ATI RN
ATI Proctored Nutrition Exam
1. Sam is trying to lose weight by skipping lunch. By the middle of the afternoon, Sam is very uncomfortable and feels that they "have" to eat. Sam is experiencing:
- A. appetite
- B. satiety
- C. satiation
- D. hunger
Correct answer: D
Rationale: Hunger is the physiological need to eat, which Sam is experiencing due to skipping a meal and the body signaling the need for nutrients.
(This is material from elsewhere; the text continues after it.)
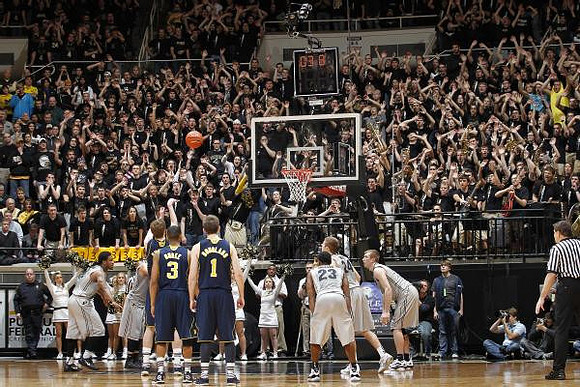 Evan Smotrycz (23), Trey Burke (3), and Stu Douglass (1)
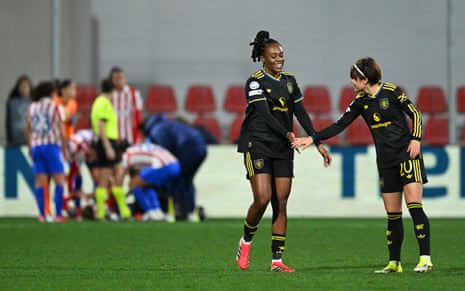 Melvine Malard celebrates scoring with Hinata Miyazawa.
2. Which of the following proteins is iron a component of, responsible for the transport of oxygen in the bloodstream?
- A. hemoglobin
- B. transferrin
- C. myoglobin
- D. hepcidin
Correct answer: A
Rationale: The correct answer is A: hemoglobin. Hemoglobin is the protein found in red blood cells that is responsible for carrying oxygen from the lungs to the rest of the body. Iron is a crucial component of hemoglobin, binding to oxygen and allowing for its transport. Choice B, transferrin, is involved in iron transport in the blood but not in oxygen transport. Choice C, myoglobin, is a protein found in muscle cells that stores oxygen for muscle use, not transportation in the bloodstream. Choice D, hepcidin, is a peptide hormone that regulates iron absorption in the intestines and iron distribution in the body, but it is not directly involved in oxygen transport.
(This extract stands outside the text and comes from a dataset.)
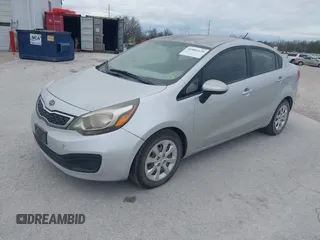 2012 Kia Rio SX with VIN KNADN4A33C6050974, listed as a IAAI auction lot 41886129 with 167,777 mi miles. Bid and sale history available at carsss.com. Image 2.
3. What is the rationale in the use of bag technique during home visits?
- A. It helps render effective nursing care to clients or other members of the family
- B. It saves time and effort of the nurse in the performance of nursing procedures
- C. It should minimize or prevent the spread of infection from individuals to families
- D. It should not overshadow concerns for the patient
Correct answer: C
Rationale: Effective nursing care involves comprehensive assessments that address all aspects of a patient's condition, ensuring that interventions are appropriately targeted and outcomes are optimized.
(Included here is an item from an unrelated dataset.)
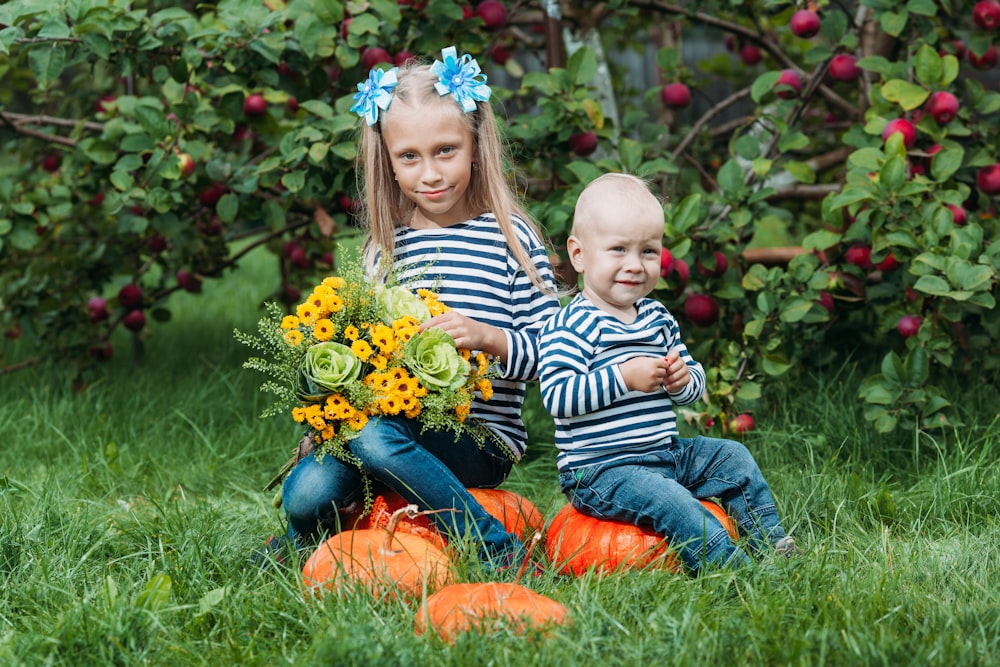 a person and a baby sitting in a grassy area with flowers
4. You are taking care of critically ill client and the doctor in charge calls to order a DNR (do not resuscitate) for the client. Which of the following is the appropriate action when getting DNR order over the phone?
- A. Have the registered nurse, family spokesperson, nurse supervisor and doctor sign
- B. Have 2 nurse validate the phone order, both nurses sign the order and the doctor should sign his order within 24
- C. Have the registered nurse, family and doctor sign the order
- D. Have 1 nurse take the order and sign it and have the doctor sign it within 24 hours
Correct answer: A
Rationale: Patient safety and efficacy of care depend on actions rooted in established nursing protocols that consider both the immediate and long-term needs of the patient.
5. In kidney disease, which mineral should a patient limit intake of?
- A. Calcium
- B. Magnesium
- C. Phosphorus
- D. Potassium
Correct answer: C
Rationale: In kidney disease, patients are advised to limit the intake of phosphorus. High levels of phosphorus can be problematic as the kidneys may not be able to effectively filter it out, leading to bone health issues. Calcium (Choice A) is important for bone health, but its restriction is not typically necessary in kidney disease. Magnesium (Choice B) and potassium (Choice D) restrictions may be required in certain cases of kidney disease, but phosphorus is the mineral most commonly limited due to its impact on bone health.